The mother's wasted face reddened for a moment, then turned pale
again, as she held out her hand to me. I looked at her anxiously,
and discerned the welcome signs of recovery, clearly revealed.
Her grand gray eyes rested on me again with a glimmer of their
old light. The hand that had lain so cold in mine on the past
night had life and warmth in it now.
"Should I have died before the morning if you had not come here?"
she asked, softly. "Have you saved my life for the second time? I
can well believe it."
Before I was aware of her, she bent her head over my hand, and
touched it tenderly with her lips. "I am not an ungrateful
woman," she murmured--"and yet I don't know how to thank you."
The child looked up quickly from her cake. "Why don't you kiss
him?" the quaint little creature asked, with a broad stare of
astonishment.
Her head sunk on her breast. She sighed bitterly.
"No more of Me!" she said, suddenly recovering her composure, and
suddenly forcing herself to look at me again. "Tell me what happy
chance brought you here last night?"
"The same chance," I answered, "which took me to Saint Anthony's
Well."
She raised herself eagerly in the chair.
"You have seen me again--as you saw me in the summer-house by the
waterfall!" she exclaimed. "Was it in Scotland once more?"
"No. Further away than Scotland--as far away as Shetland."
"Tell me about it! Pray, pray tell me about it!"
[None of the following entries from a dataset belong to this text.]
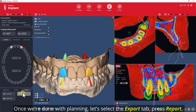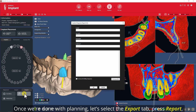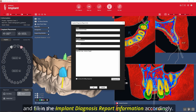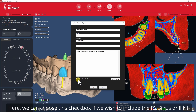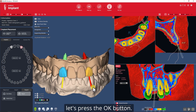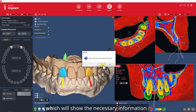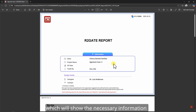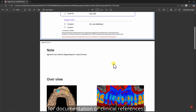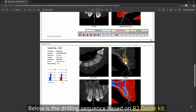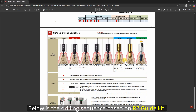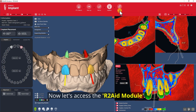Once we're done with planning let's select the Export tab, press Report, and fill the implant diagnosis report information accordingly. Here we can choose this checkbox if we wish to include the R2 sinus drill kit. Let's press the OK button. We'll receive our R2 gate report document which will show the necessary information for documentation or clinical references. Below is the drilling sequence based on the R2 guide kit. Now let's access the R2Gate module.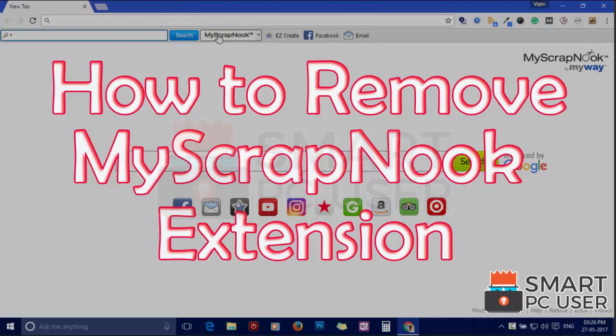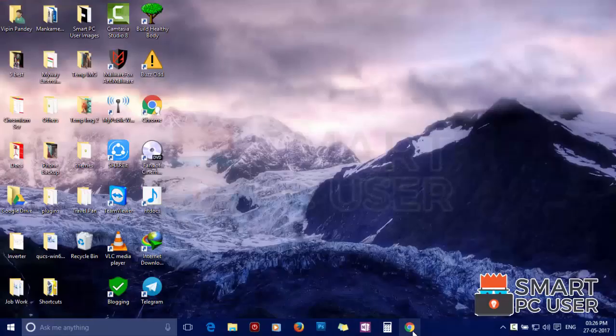Welcome to Smart PC User. In this video we will see how to remove My Scrap Nuke extension from all browsers at once.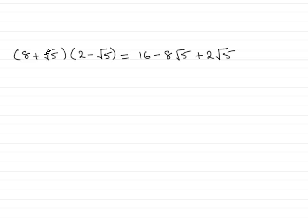And then plus root 5 times minus root 5 is minus the square root of 25, which is 5.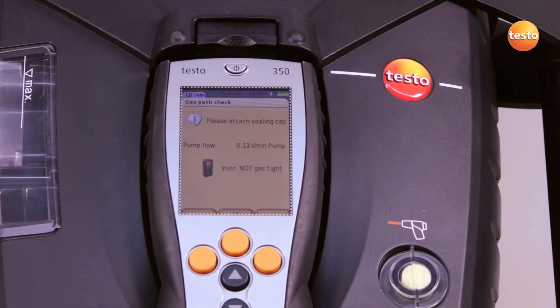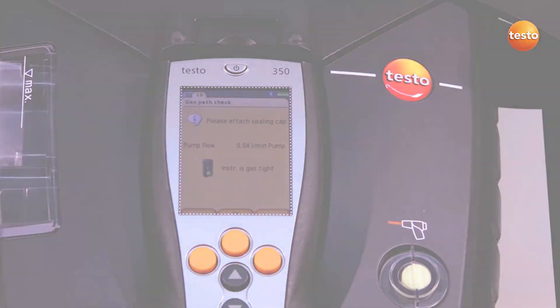When the traffic light shows green, all gas paths are tight. If the traffic light shows red, the gas paths are not tight and must be tested for leaks.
I related what had happened as exactly as I could, consistently
with maintaining the strictest reserve on one point. Concealing
from her the very existence of Miss Dunross, I left her to
suppose that the master of the house was the one person whom I
had found to receive me during my sojourn under Mr. Dunross's
roof.
"That is strange!" she exclaimed, after she had heard me
attentively to the end.
"What is strange?" I asked.
She hesitated, searching my face earnestly with her large grave
eyes.
"I hardly like speaking of it," she said. "And yet I ought to
have no concealments in such a matter from you. I understand
everything that you have told me--with one exception. It seems
strange to me that you should only have had one old man for your
companion while you were at the house in Shetland."
"What other companion did you expect to hear of?" I inquired.
"I expected," she answered, "to hear of a lady in the house."
I cannot positively say that the reply took me by surprise: it
forced me to reflect before I spoke again. I knew, by my past
experience, that she must have seen me, in my absence from her,
while I was spiritually present to her mind in a trance or dream.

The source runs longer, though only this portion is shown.